Before learning the core basics of tax planning, it is helpful to start with an explanation of the basic elements of the U.S. tax system. Once you grasp their meaning, you can more effectively negotiate the tax system.

The W4 Form

The form that you fill out when you start a job is called the W4 form. This is where you list your “withholding allowance information,” which is no more than an estimate of how much you’re going to owe at the end of the year (based on predicted income minus predicted deductions and exemptions). On the basis of this estimate, your employer deducts a certain amount of money from each paycheck for taxes. This amount is your withholding.

The W2 Form

At the end of each tax year (January), your employer is required to send you a W2 form that reports exactly how much you made and how much was withheld for taxes. The W2 and W4 forms contain most of the information that people need to file their income tax. It excludes information regarding income from investments, itemized deductions, other taxes, and tax breaks that don’t apply to everyone (i.e., the yacht tax).

Exemptions

Exemptions are the amount you can subtract from your income (thereby reducing the portion of your income that can be taxed) simply for being alive, married, and/or having kids (or more precisely, dependents).

Deductions

  • Deductions are personal expenses that the government allows you to subtract from your income.

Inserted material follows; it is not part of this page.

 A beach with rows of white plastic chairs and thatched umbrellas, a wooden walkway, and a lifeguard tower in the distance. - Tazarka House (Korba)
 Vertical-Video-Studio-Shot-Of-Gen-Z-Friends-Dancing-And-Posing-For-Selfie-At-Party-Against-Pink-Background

You can take your deductions in 1 of 2 ways: either as a standard or an itemized deduction.
  • A standard deduction is a set amount that the government allows you to take just for filing your taxes.
  • If you itemize your deductions, you separately list (and must document) all the deductions you qualify for and their amounts.
  • Since you get to choose which kind of deduction you’re going to take, the trick is to figure out which of these options gives you a higher deduction.

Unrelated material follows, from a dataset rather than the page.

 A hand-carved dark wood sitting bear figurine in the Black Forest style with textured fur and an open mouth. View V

Adjusted Gross Incomes (AGI)

AGI is your total earned and unearned income from taxable accounts. To calculate it, add up the following:

  • Income
  • Capital gains (or losses) from investments
  • Retirement plan benefits
  • Taxable pensions
  • Rental income

Then subtract the following:

  • IRA, SEP, or Keogh contributions
  • Alimony payments

Taxable Income

This equals your AGI minus your personal exemptions, deductions, and tax credits. This is the figure you use to calculate your tax.